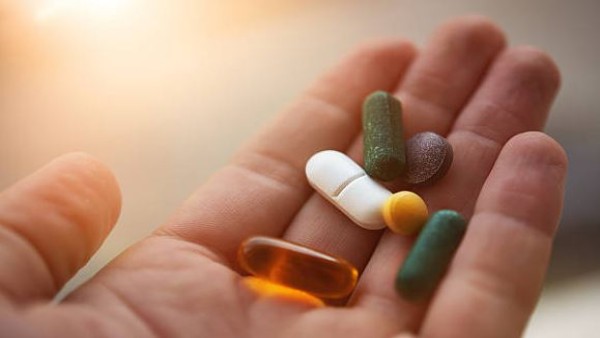 Tangan memegang beberapa tablet obat.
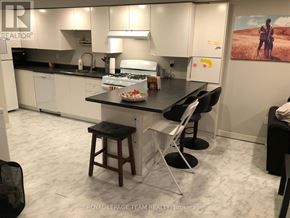 Ottawa apartment for rent - A kitchen with a table and chairs in front of it.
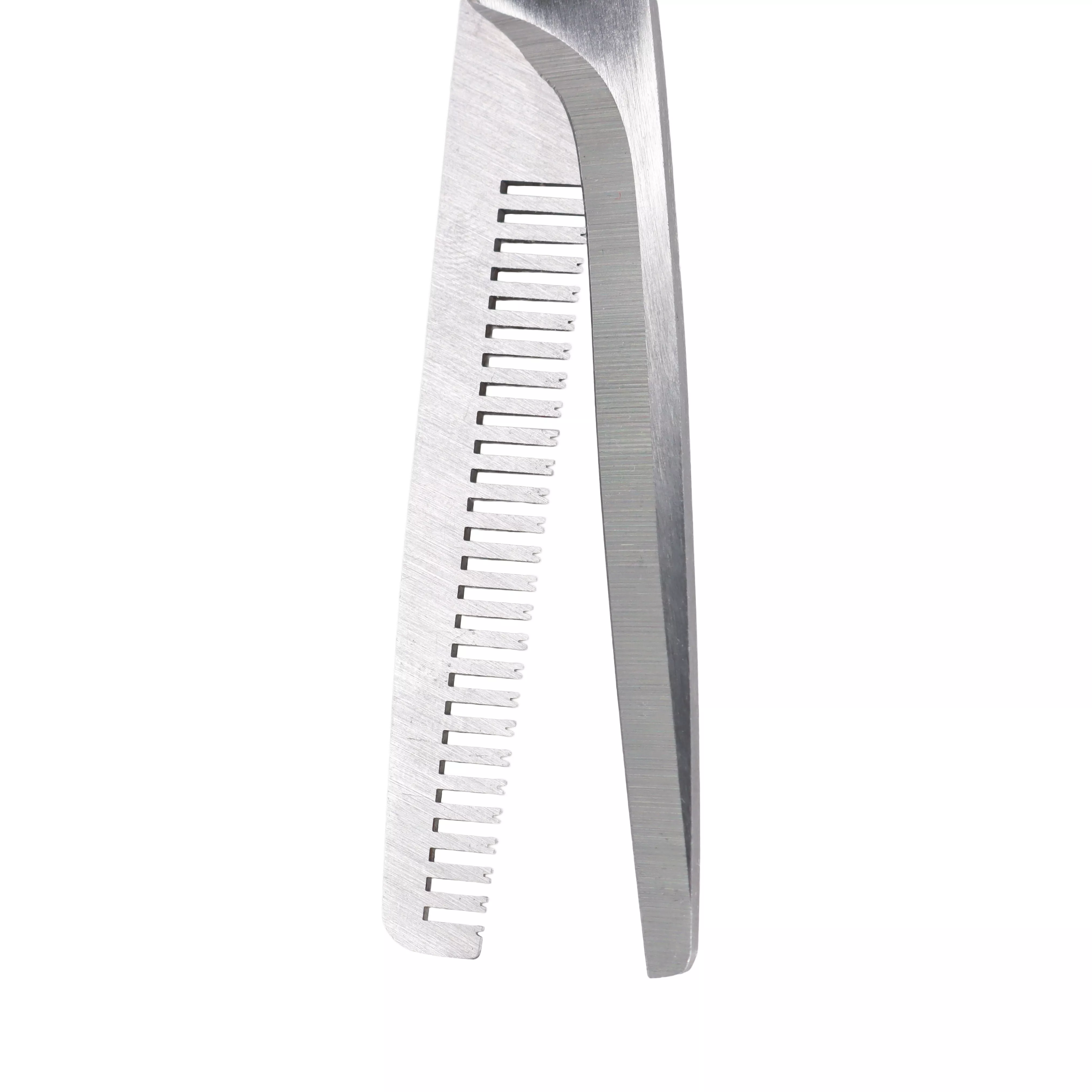 A close‑up view of the thinning shears’ toothed blade is shown against a white background. The silver‑tone metal blade has a row of evenly spaced rectangular teeth, and the second smooth blade is partially visible behind it.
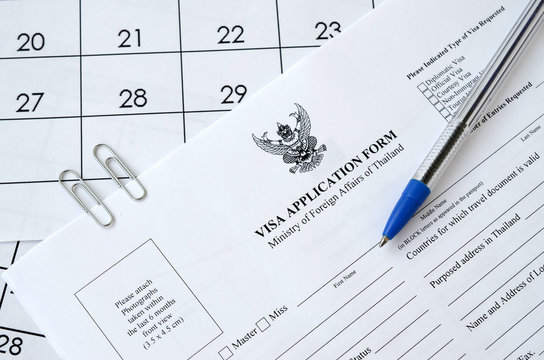 Thailand Visa application form and blue pen on paper calendar page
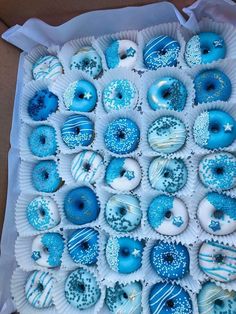 there are many blue and white donuts in the box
----
◆ PROBLEM REQUIREMENTS:
What you output must be exactly the lines from the line with "Thailand Visa application" through the last line of the listing, pictures excluded.

◆ RESPONSE TO THIS EXERCISE:
 Thailand Visa application form and blue pen on paper calendar page
 there are many blue and white donuts in the box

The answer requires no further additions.